In the records below, some lines hold the word "Casa". Copy each of those lines.

Dataset entries =

- - - - -

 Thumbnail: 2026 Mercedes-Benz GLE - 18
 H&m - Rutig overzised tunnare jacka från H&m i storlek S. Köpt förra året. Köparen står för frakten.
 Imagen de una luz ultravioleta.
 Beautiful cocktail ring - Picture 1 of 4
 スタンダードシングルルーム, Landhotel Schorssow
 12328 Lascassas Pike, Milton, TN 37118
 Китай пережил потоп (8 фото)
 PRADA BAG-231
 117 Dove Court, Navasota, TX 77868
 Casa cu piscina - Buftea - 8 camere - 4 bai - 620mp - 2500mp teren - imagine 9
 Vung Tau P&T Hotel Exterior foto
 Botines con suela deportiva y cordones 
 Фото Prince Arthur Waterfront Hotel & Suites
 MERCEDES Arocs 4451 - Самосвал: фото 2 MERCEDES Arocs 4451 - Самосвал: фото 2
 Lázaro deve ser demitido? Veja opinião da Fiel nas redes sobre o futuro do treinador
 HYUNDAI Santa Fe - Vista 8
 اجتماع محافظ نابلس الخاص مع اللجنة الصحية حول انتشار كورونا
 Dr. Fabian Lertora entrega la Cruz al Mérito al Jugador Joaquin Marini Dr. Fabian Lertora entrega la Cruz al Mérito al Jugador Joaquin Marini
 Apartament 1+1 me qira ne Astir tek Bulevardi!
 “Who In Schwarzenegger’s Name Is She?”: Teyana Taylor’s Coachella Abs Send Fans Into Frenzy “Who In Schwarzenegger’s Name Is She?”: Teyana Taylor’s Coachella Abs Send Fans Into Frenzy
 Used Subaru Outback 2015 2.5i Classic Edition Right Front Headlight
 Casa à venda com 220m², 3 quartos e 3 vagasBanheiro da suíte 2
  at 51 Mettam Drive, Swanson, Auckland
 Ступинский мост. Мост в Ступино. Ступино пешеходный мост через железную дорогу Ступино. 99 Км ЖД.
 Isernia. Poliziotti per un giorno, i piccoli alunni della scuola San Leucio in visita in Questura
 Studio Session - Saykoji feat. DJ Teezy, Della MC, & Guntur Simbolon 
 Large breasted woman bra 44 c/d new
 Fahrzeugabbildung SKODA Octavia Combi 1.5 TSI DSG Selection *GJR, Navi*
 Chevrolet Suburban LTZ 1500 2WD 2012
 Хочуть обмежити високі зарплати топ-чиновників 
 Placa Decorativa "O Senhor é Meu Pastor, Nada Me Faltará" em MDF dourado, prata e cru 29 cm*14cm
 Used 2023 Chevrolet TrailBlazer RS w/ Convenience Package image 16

- - - - -

Result of the exercise =
 Casa cu piscina - Buftea - 8 camere - 4 bai - 620mp - 2500mp teren - imagine 9
 Casa à venda com 220m², 3 quartos e 3 vagasBanheiro da suíte 2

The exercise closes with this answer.